ASSIGNED TASK:
Given these entries, repeat exactly the lines starting with the one that has "Skoda Kamiq Monte-Carlo+BVM+Pano+LED" and going on through the one that has "Schneider ALU 821", both included, but none of the pictures.

RECORDS FOR PROCESSING:
>>>

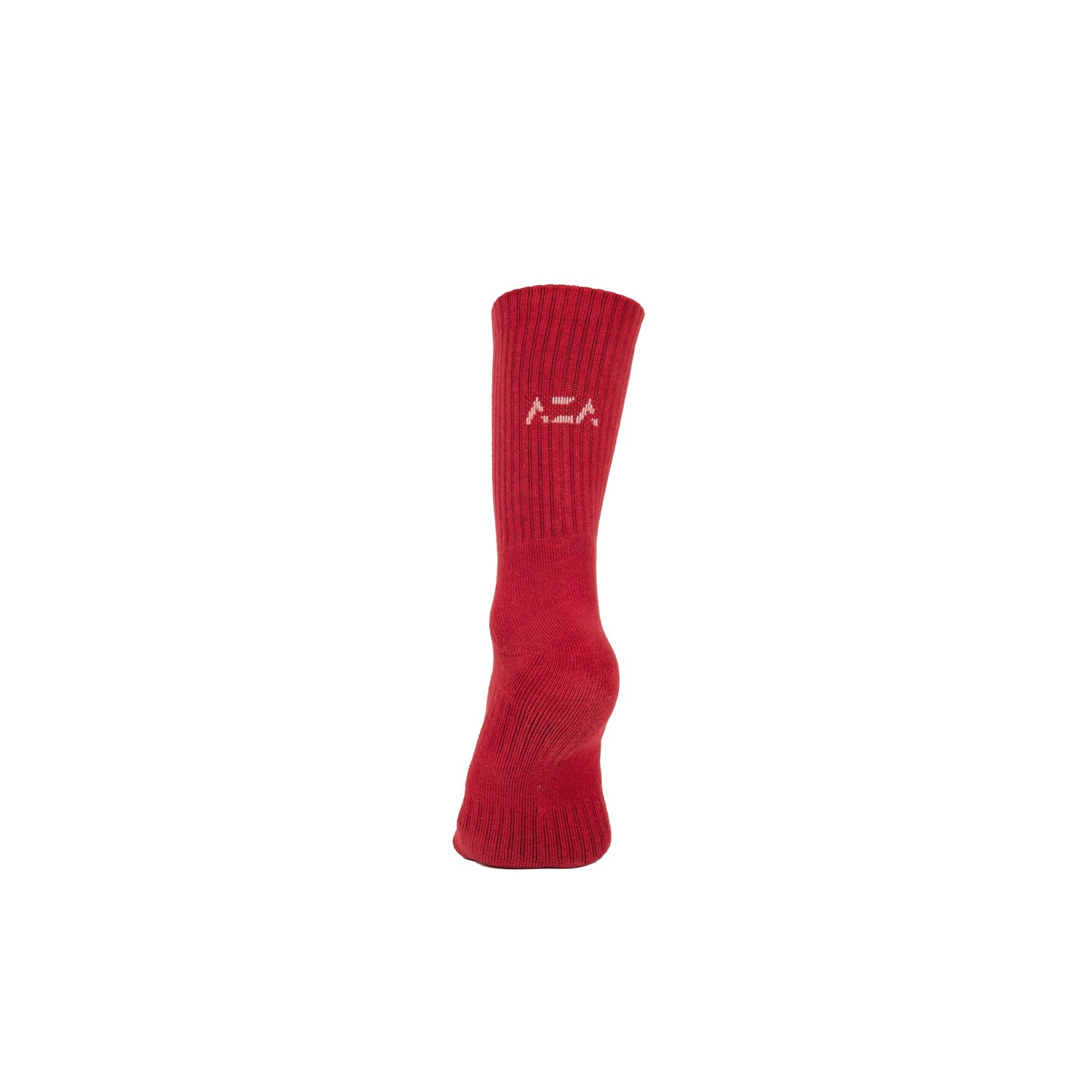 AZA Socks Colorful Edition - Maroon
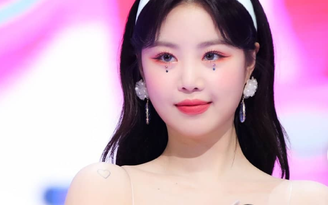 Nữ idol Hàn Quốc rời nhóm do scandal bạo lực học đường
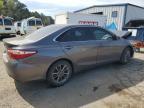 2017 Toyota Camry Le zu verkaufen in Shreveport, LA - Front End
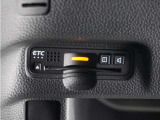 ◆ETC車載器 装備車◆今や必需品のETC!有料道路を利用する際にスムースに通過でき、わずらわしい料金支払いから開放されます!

<<<
>>>

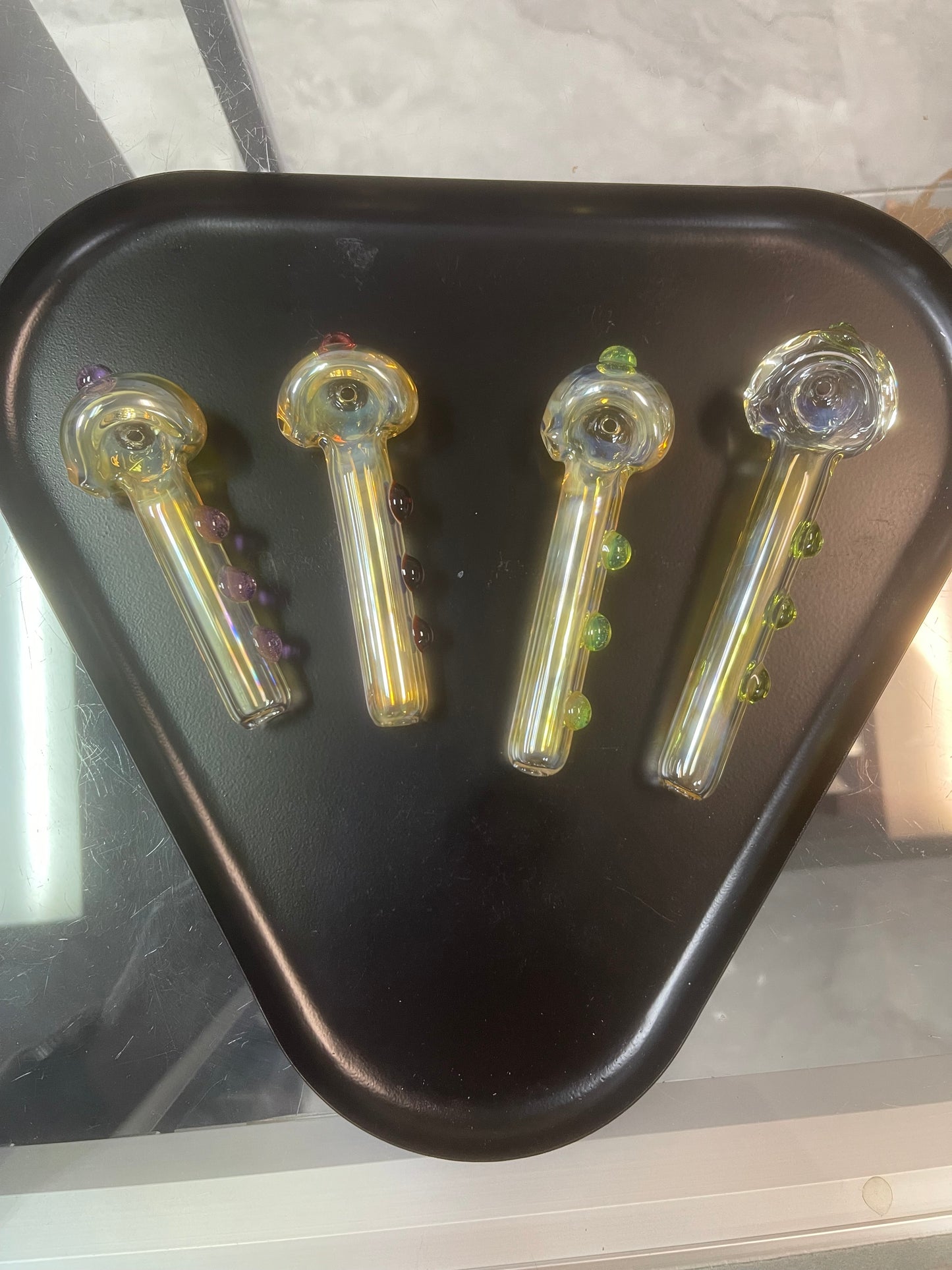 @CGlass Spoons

<<<
>>>

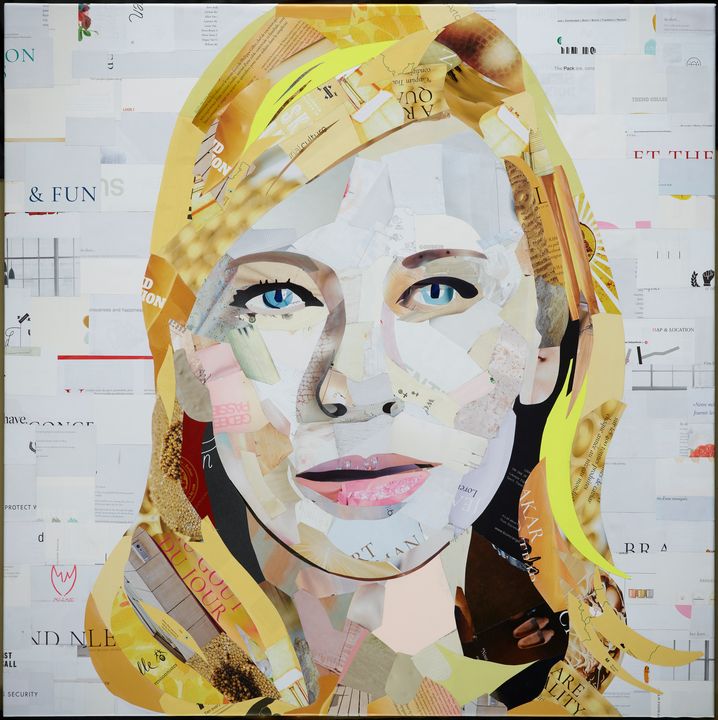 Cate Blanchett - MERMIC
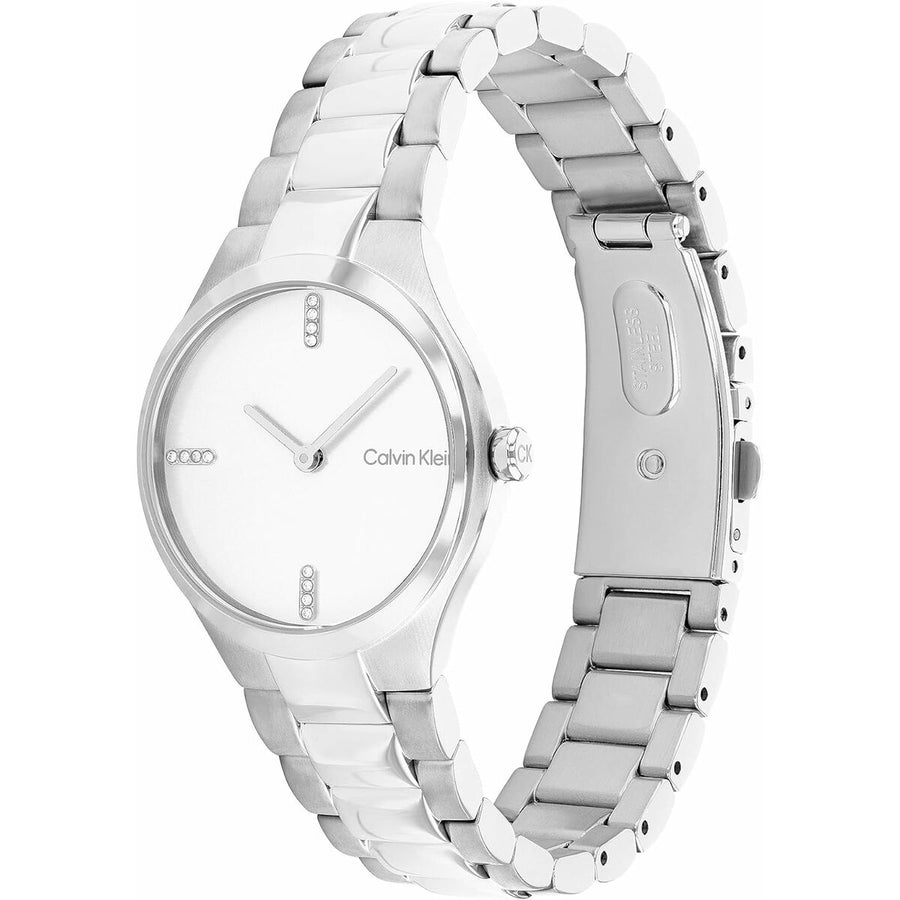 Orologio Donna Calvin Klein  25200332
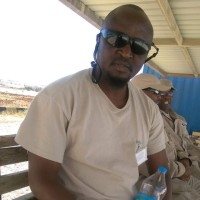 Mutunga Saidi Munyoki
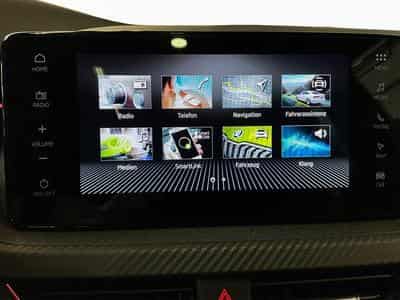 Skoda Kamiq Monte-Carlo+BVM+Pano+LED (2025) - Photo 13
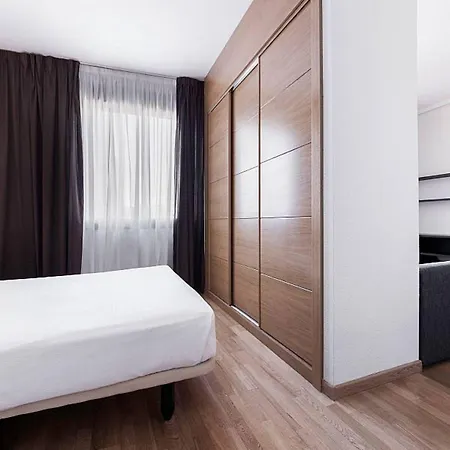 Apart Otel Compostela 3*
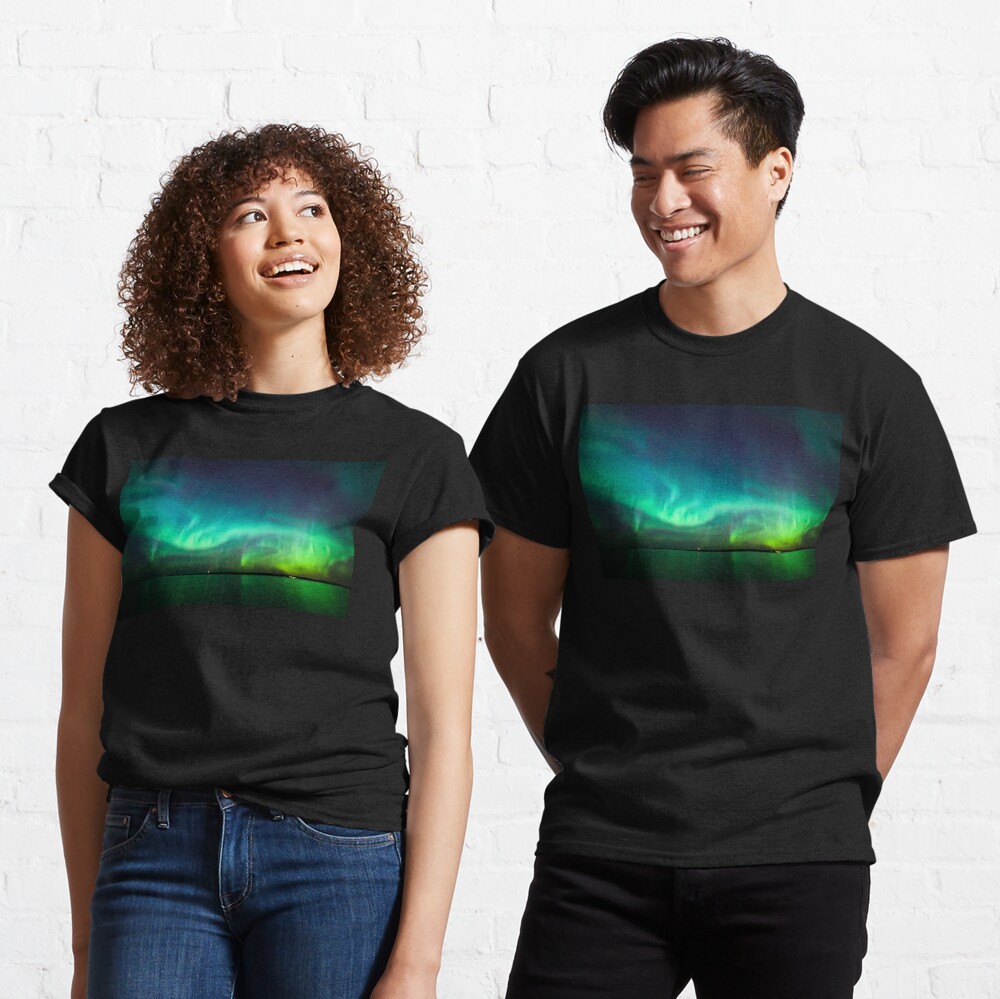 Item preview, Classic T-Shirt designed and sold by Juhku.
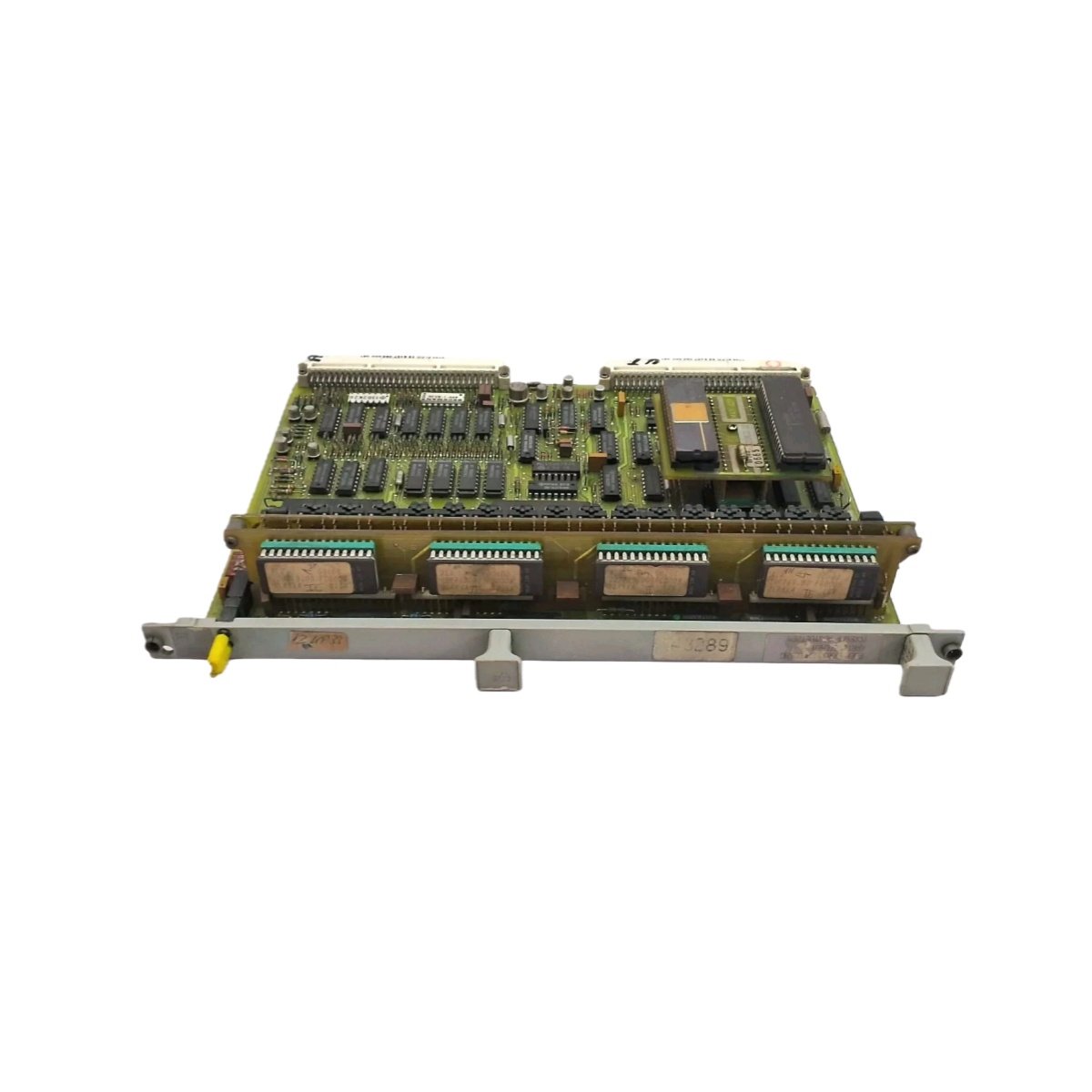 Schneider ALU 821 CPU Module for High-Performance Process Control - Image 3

<<<

SOLUTION:
 Skoda Kamiq Monte-Carlo+BVM+Pano+LED (2025) - Photo 13
 Apart Otel Compostela 3*
 Item preview, Classic T-Shirt designed and sold by Juhku.
 Schneider ALU 821 CPU Module for High-Performance Process Control - Image 3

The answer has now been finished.